Speech-to-Text
Transcribe Raw PCM
Ultra-fast raw PCM transcription for voice call pipelines.
POST
/api/stt/transcribe/rawTranscribe raw PCM audio bytes with minimal latency. Designed for real-time voice agent pipelines.
No parameters for this endpoint.
Overview
The /raw endpoint is optimized for voice call pipelines where audio is already available as raw PCM bytes. It skips WAV encoding/decoding for the lowest possible latency.
Use this endpoint when:
- Building real-time voice agents (LiveKit, Twilio)

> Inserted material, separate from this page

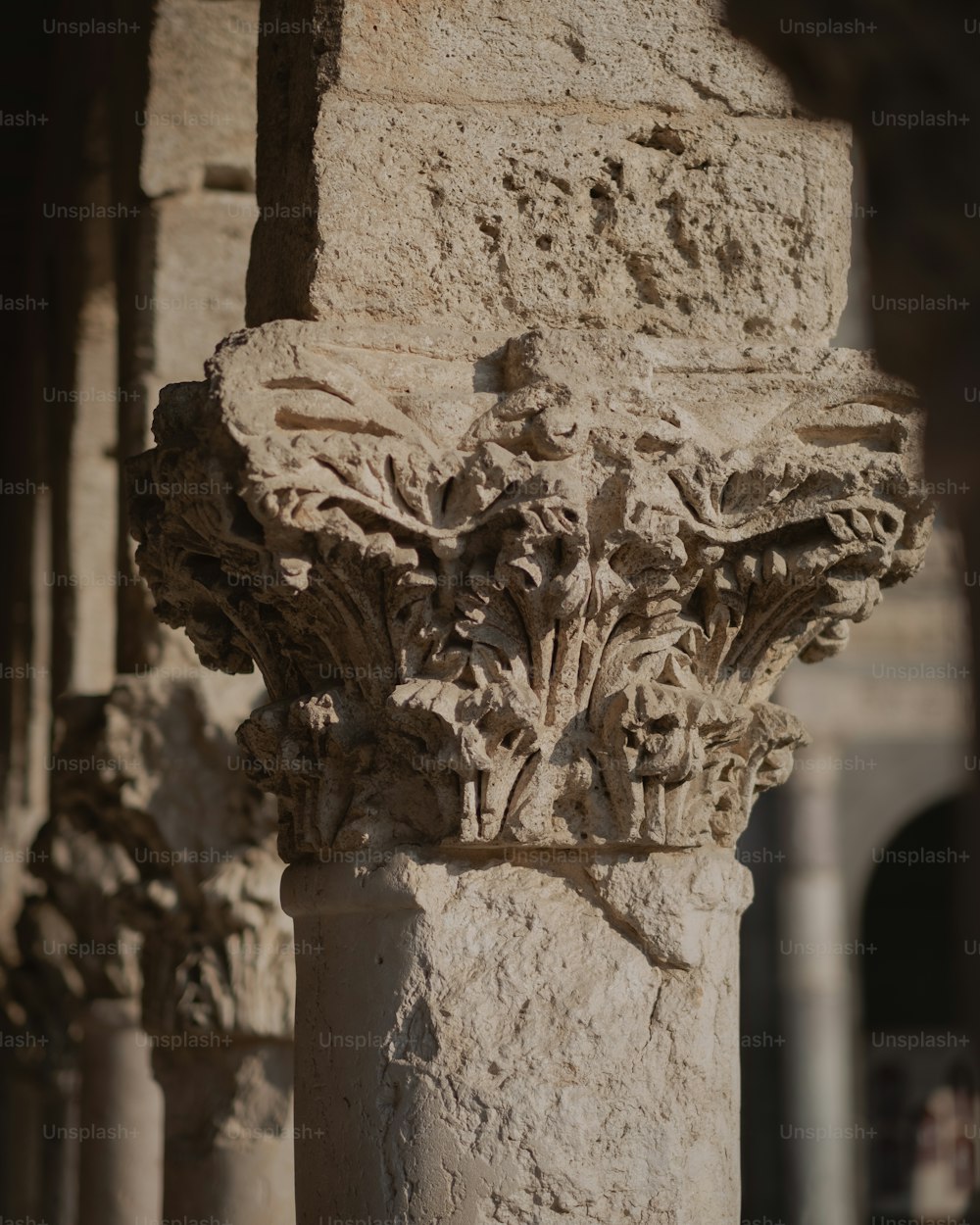 a close up of a stone column with carvings on it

- Audio is already in raw PCM format
- Every millisecond of latency matters
Use /transcribe instead when:
- Uploading audio files (WAV, MP3, FLAC)
- Need diarization, sentiment, or timestamps
- Working with encoded audio formats
Request
Send raw PCM bytes as the request body with query parameters.

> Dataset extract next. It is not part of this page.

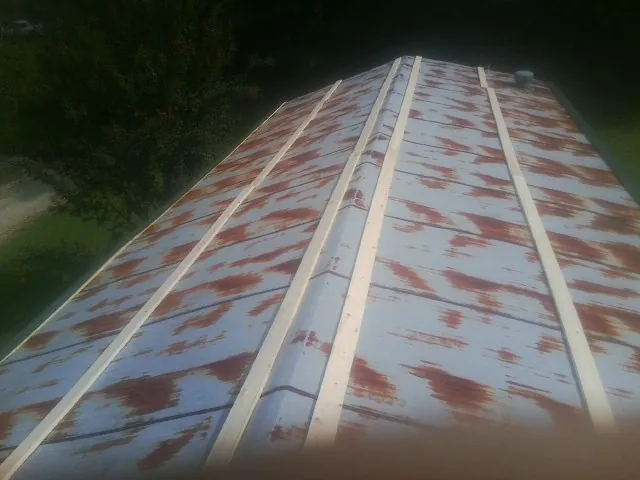 Rusted metal roof panels with new wood purlins before replacement — Storm Damage Roof Repair in Springdale by Roofing Brothers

| Parameter | Type | Required | Default | Description |
|---|---|---|---|---|
language | string | No | hi | Language code. |
model | string | No | vega | STT engine: vega or dhara. |
sample_rate | int | No | 48000 | Audio sample rate in Hz (e.g. 16000, 44100, 48000). Auto-detects telephony (8kHz). |
punctuate | string | No | false | Add punctuation. |
kenlm | string | No | true | Use KenLM accuracy boost. |
enhance | string | No | true | Auto Gain Control — normalize volume for speakerphone/far-field. |
denoise | string | No | false | DeepFilterNet3 noise suppression for noisy environments. |
keywords | string | No | — | Comma-separated vocabulary boosting terms. |
Audio format: 16-bit signed little-endian PCM, mono.
Response
{
"text": "हैलो आपका नाम क्या है",
"language": "hi",
"duration_seconds": 2.1,
"processing_ms": 98.3,
"model": "vega",
"provider": "thinnestai"
}Example
# Transcribe 16kHz raw PCM
curl -X POST "https://api.thinnest.ai/api/stt/transcribe/raw?language=hi&sample_rate=16000&model=vega" \
-H "Authorization: Bearer thns_sk_your_key_here" \
-H "Content-Type: application/octet-stream" \
--data-binary @audio.rawimport httpx
with open("audio.raw", "rb") as f:
pcm_bytes = f.read()
resp = httpx.post(
"https://api.thinnest.ai/api/stt/transcribe/raw",
params={"language": "hi", "model": "vega", "sample_rate": 16000},
headers={"Authorization": "Bearer thns_sk_your_key_here"},
content=pcm_bytes,
)
print(resp.json()["text"])Latency Comparison
| Endpoint | Vega Latency | Notes |
|---|---|---|
/transcribe (WAV) | ~370ms | Includes WAV decode overhead |
/transcribe/raw (PCM) | ~370ms | Skips WAV decode, optimal for pipelines |
The latency difference is small (~3-5ms) because the inference dominates. The real benefit is avoiding WAV construction on the client side.